I had a pleasant if slow run out this morning – 35 minutes at an average of 12:26.
I was out last night seeing friends and we sat up to watch the end of the Olympics opening ceremony which was also on in the restaurant where we were eating last night. A Spanish tapas bar in town called El Rincon that’s hugely popular, noisy, boisterous and always seems to be filled with people having a good time.
I had some amazing things to eat. Meatballs, steak cooked long and slow with peppers., chicken in a creamy paprika sauce.. lots of tasty potato dishes… and superb Spanish beer
So let’s just say I was a little blurry around the edges this morning.
When I got back from my run this morning I whipped up a breakfast smoothie. This is very easy, packed with good things and keeps you full till lunch. I know you can buy smoothies in cartons but I’m not convinced pasturising fruit retains all that goodness the fresh thing has. I make this with rice or soya milk because I get enough dairy from my cheese habit, but you could use milk if you wanted to. It’s a variation one one put together by Mike Dolce who is a peak performance coach. He’s been a power lifter and martial arts competitor. Tough guy – likes his fruit.
One handful of strawberries (I use 5 usually)

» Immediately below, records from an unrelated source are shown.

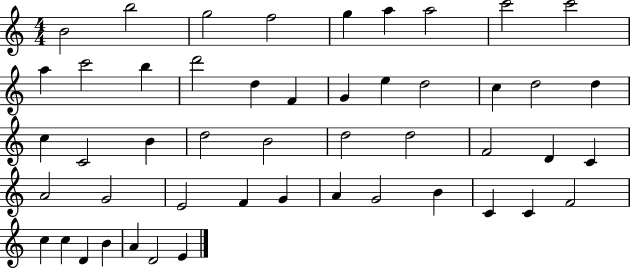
X:1
T:Untitled
M:4/4
L:1/4
K:C
B2 b2 g2 f2 g a a2 c'2 c'2 a c'2 b d'2 d F G e d2 c d2 d c C2 B d2 B2 d2 d2 F2 D C A2 G2 E2 F G A G2 B C C F2 c c D B A D2 E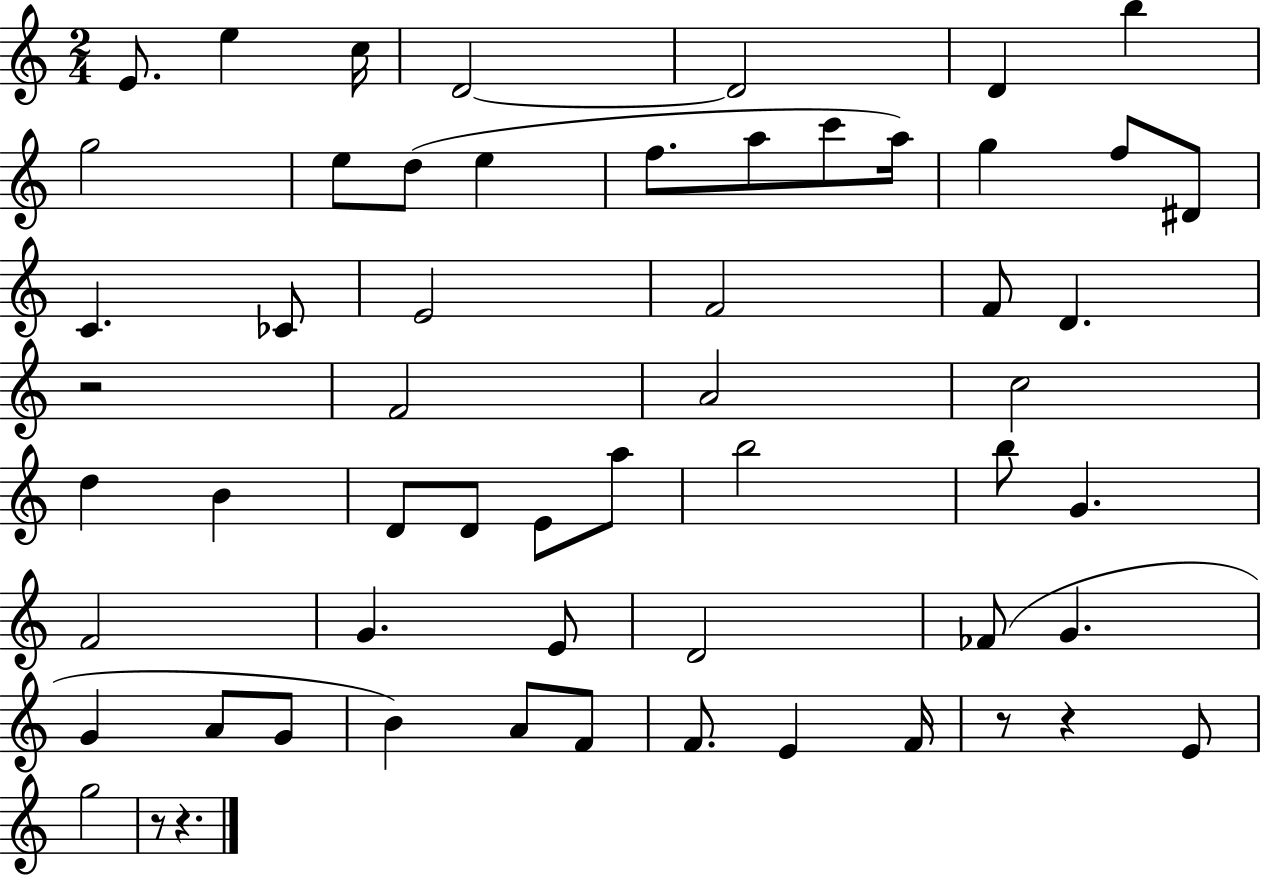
{
  \clef treble
  \numericTimeSignature
  \time 2/4
  \key c \major
  e'8. e''4 c''16 | d'2~~ | d'2 | d'4 b''4 | \break g''2 | e''8 d''8( e''4 | f''8. a''8 c'''8 a''16) | g''4 f''8 dis'8 | \break c'4. ces'8 | e'2 | f'2 | f'8 d'4. | \break r2 | f'2 | a'2 | c''2 | \break d''4 b'4 | d'8 d'8 e'8 a''8 | b''2 | b''8 g'4. | \break f'2 | g'4. e'8 | d'2 | fes'8( g'4. | \break g'4 a'8 g'8 | b'4) a'8 f'8 | f'8. e'4 f'16 | r8 r4 e'8 | \break g''2 | r8 r4. | \bar "|."
}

One handful of blueberries
Half a banana
I sachet of porridge oats (or 30g if you buy loose)
100ml of rice milk (soya, dairy)
1 tspn honey
Blast in blender. Scoff.
Who knew you could blend porridge oats? It’s a great way of getting a proper porridge goodness breakfast down you when it’s too hot to face a hot breakfast. And it’s fast. Try it, it’s really nice.
It’s hydrating, it’s natural and it’s not full of preservatives. Mike Dolce is very big on natural food being key to recovery. Thirty-five minutes gentle running hardly requires extra nutrition but I do try to make sure I eat as much fresh, natural food as I can.
What’s your favourite fitness foods? Do you like to keep it natural or are you into sports drinks and supplements?